- _EXERCISE INSTRUCTIONS_: All that should come back is the lines of the data below from the one containing "DATE PAGE NO" to the one containing "Lechuza Pflanztopf Quadro", inclusive, exactly as they stand.

- _AVAILABLE RECORDS_:

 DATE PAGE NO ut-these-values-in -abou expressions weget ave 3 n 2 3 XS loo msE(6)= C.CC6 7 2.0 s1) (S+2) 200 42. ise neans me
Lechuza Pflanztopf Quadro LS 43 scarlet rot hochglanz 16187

---

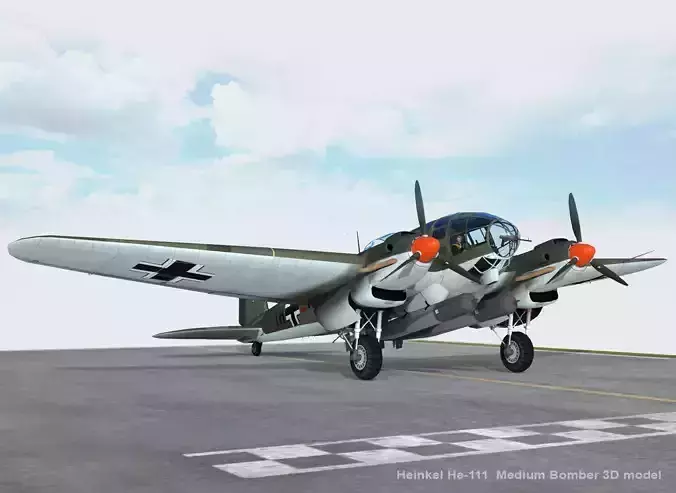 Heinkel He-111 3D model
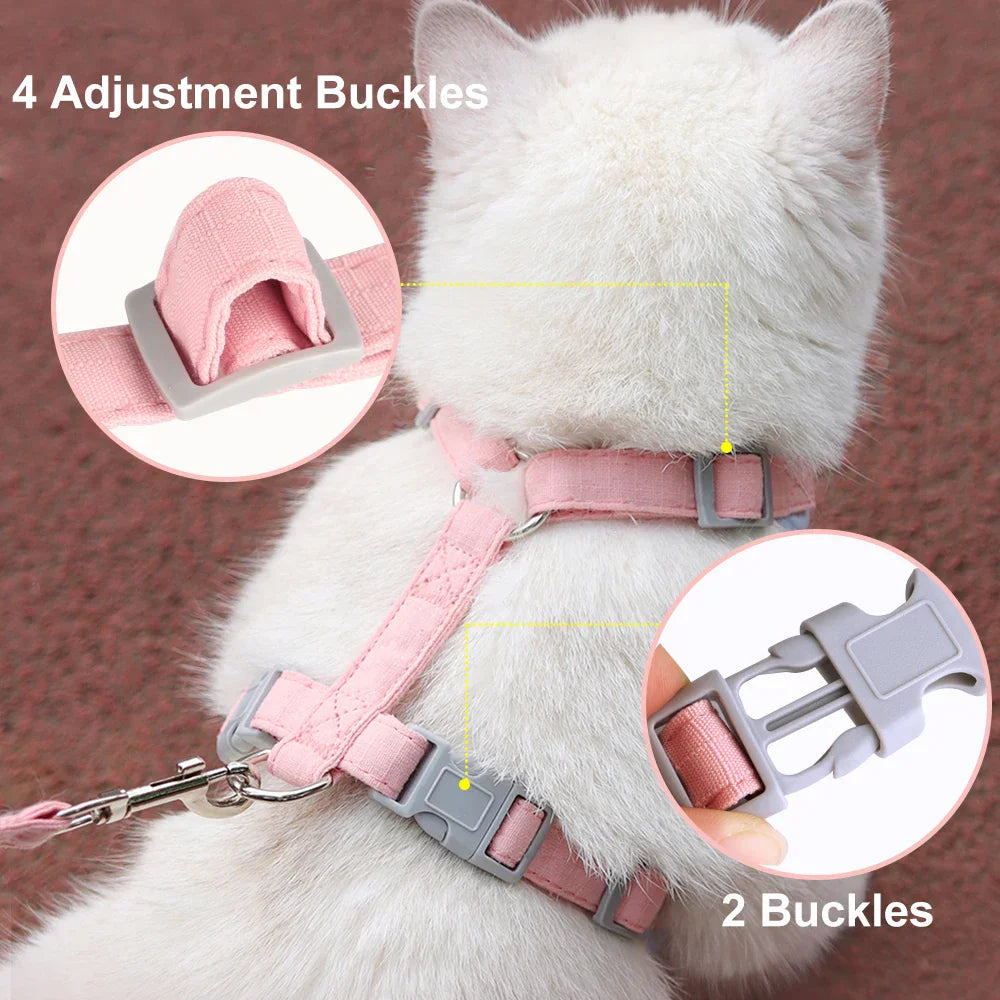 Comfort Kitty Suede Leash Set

...

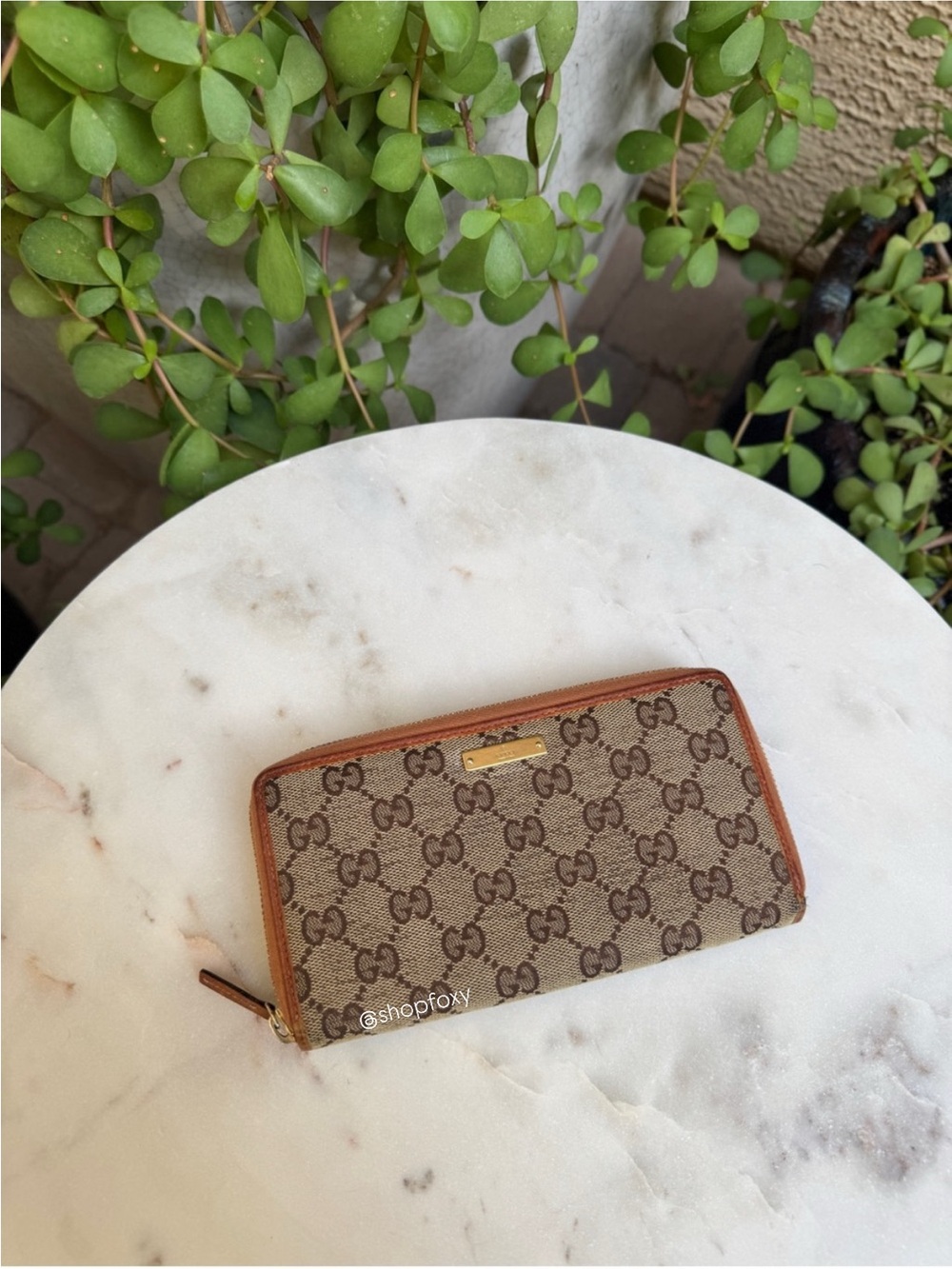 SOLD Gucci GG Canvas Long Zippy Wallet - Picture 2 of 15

- _THE COMPLETED TASK_:
 DATE PAGE NO ut-these-values-in -abou expressions weget ave 3 n 2 3 XS loo msE(6)= C.CC6 7 2.0 s1) (S+2) 200 42. ise neans me
Lechuza Pflanztopf Quadro LS 43 scarlet rot hochglanz 16187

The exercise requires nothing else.